- PROBLEM REQUIREMENTS:
Repeat the listing in full, word for word.

- DATA EXCERPT:
•••••

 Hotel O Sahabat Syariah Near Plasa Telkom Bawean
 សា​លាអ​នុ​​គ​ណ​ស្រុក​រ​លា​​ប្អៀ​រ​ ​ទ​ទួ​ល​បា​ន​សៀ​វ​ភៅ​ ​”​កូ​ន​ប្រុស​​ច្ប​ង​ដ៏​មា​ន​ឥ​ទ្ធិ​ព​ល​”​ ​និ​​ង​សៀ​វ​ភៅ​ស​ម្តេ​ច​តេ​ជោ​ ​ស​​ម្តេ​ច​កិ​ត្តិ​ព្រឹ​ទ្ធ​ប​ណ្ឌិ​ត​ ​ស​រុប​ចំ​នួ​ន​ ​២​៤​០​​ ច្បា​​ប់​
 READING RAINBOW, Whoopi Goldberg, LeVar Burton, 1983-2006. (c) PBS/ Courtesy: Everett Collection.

•••••

- SOLUTION BELOW:
 Hotel O Sahabat Syariah Near Plasa Telkom Bawean
 សា​លាអ​នុ​​គ​ណ​ស្រុក​រ​លា​​ប្អៀ​រ​ ​ទ​ទួ​ល​បា​ន​សៀ​វ​ភៅ​ ​”​កូ​ន​ប្រុស​​ច្ប​ង​ដ៏​មា​ន​ឥ​ទ្ធិ​ព​ល​”​ ​និ​​ង​សៀ​វ​ភៅ​ស​ម្តេ​ច​តេ​ជោ​ ​ស​​ម្តេ​ច​កិ​ត្តិ​ព្រឹ​ទ្ធ​ប​ណ្ឌិ​ត​ ​ស​រុប​ចំ​នួ​ន​ ​២​៤​០​​ ច្បា​​ប់​
 READING RAINBOW, Whoopi Goldberg, LeVar Burton, 1983-2006. (c) PBS/ Courtesy: Everett Collection.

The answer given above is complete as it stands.